I am trying to add following comments to answer posted on one of my questions, but the site not allowing me to :
Request you to kindly help with the same
Hi @srbose-msft ,
Thanks for your response. The reason why I wanted to deploy a second instance of gatekeeper was to keep the developer experience intact, where they can still deploy their policies to a K8s cluster using kubectl like they do with other K8s systems currently.

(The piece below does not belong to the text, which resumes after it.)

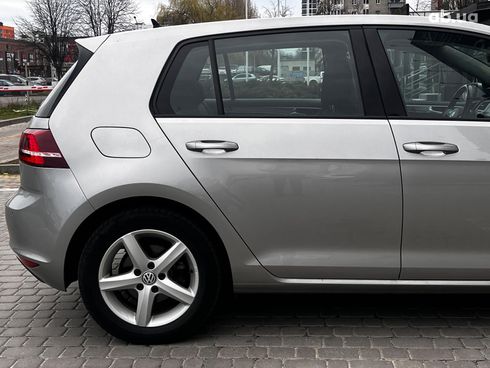Volkswagen e-Golf 2015 серый - фото 24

Additionally this also allows us to keep the overall policy solution as much as cloud/platform agnostic, as possible. We operate a multi cloud/on-prem infrastructure for K8s.

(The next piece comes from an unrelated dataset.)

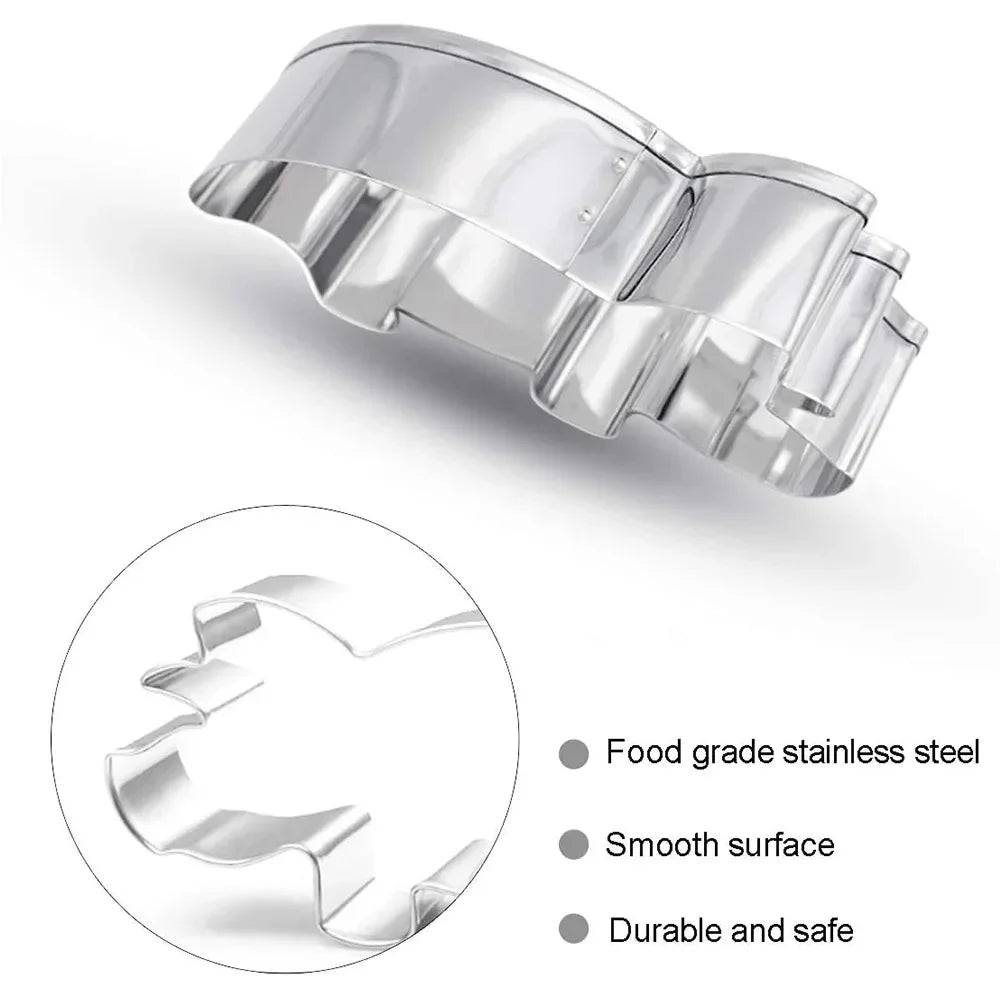 Buy The Best By Artsulli - Art is Long Life Short - 7pcs/set Stainless Dino Dinosaur Cookie Cutter Food Drawings Baking for Children Bake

So I went ahead and deployed a new instance of Gatekeeper (after updating the existing webhook with
--exempt-namespace arg). However when trying to apply a "constraint template" , I still get following error :
admission webhook "byovalidation.policy.azure.com" denied the request: This cluster is governed by Azure Policy. Policies must be created through Azure.
The above error is coming from custom azure webhook
azure-policy-validating-webhook-configuration. It seems likely that this webhook rejects any policies that are not coming in through Azure policy portal. Is that correct ?
According to K8s doc, it says that one can definitely have more than one validating webhooks deployed in the same cluster, but for a request to be allowed, all validating webhooks would need to reply with either "allow" or "I don't know". However, In our case, since one webhook would always reject the request, the whole request would always get rejected.
I understand that disabling the policy add-on for AKS as a whole would allow us to achieve what we are looking for, but we would like to avoid that option if possible.